/SQLExchange

Import Stack Exchange XML data dumps into any popular database

Primary LanguagePython

SQL Exchange

The Missing Stack Exchange Importer

Motivation

It's really awesome that Stack Exchange releases all their data to download, for free! If you just want to do easy SQL queries on Stack Overflow to see how close you are to Jon Skeet, you can do that at their Data Explorer.

But what if you want to do something that SQL can't? Like, real data mining?

You can download the latest data dump, but it's in XML so isn't easily queried.

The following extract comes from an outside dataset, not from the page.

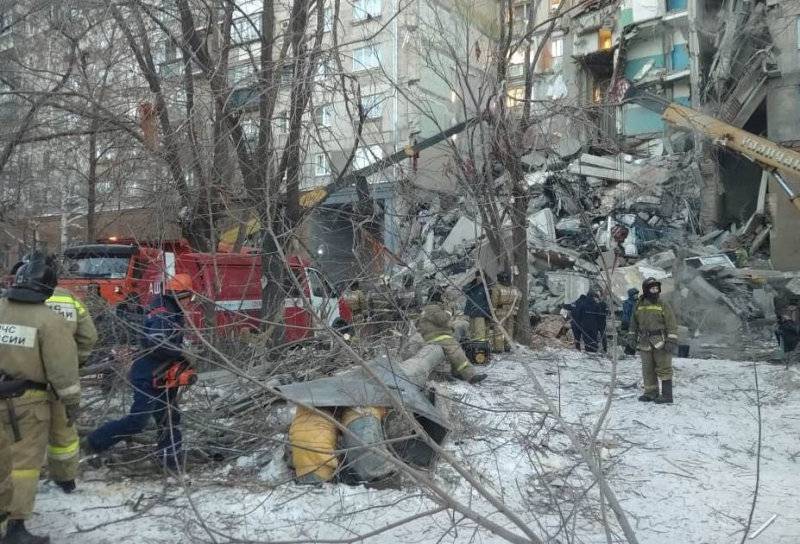 Emergency personnel work at the site of collapsed apartment building after a suspected gas blast in Magnitogorsk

What I needed was a way to import the XML into an SQL database. There are some options for importing to SQL Server, and some that are Windows-specific, but I wanted a platform-independent, database-independant solution.

So I wrote SQL Exchange.

Requirements

  • Python (2.6+, probably)
  • SQLAlchemy
  • A database that you can feed the output into. This has to be one SQLAlchemy supports. For the benefit of Googlebot, this includes MySQL, PostgreSQL, Oracle and others.
  • The relevant Python database adapter for SQLAlchemy to use. You'll need to get this up and running on your own.
  • Time... the import takes a long time. Even extracting the 7-zip archive for the main Stack Overflow export takes ages.

Usage

python overflow.py [SQLAlchemy connection string] [list of XML files on the command-line]

Examples:

python overflow.py mysql://root:root@127.0.0.1:8889/stackexchange?charset=utf8 badges.xml
python overflow.py *.xml

Make sure to add ?charset=utf8 to your connection string in the relevant cases. Stack Exchange data is in Unicode, and not opening a Unicode connection can result in weird encoding at the database end.

Compatibility

SQL Exchange is compatible with the database dumps of all Stack Exchange sites as of April 2012. It won't catch changes to the dump output, as the database schema has to be rebuilt with types that are removed when dumping to XML. It should continue to work (albeit missing any new elements) as long as the current schema is only added to, not changing what is currently outputted.

Limitations

  • Only imports badges, comments, posts and users. Other XML is not parsed yet.
  • Database passwords can be leaked to the command-line history; it would be better to read from environment variables or a file that can be locked from others.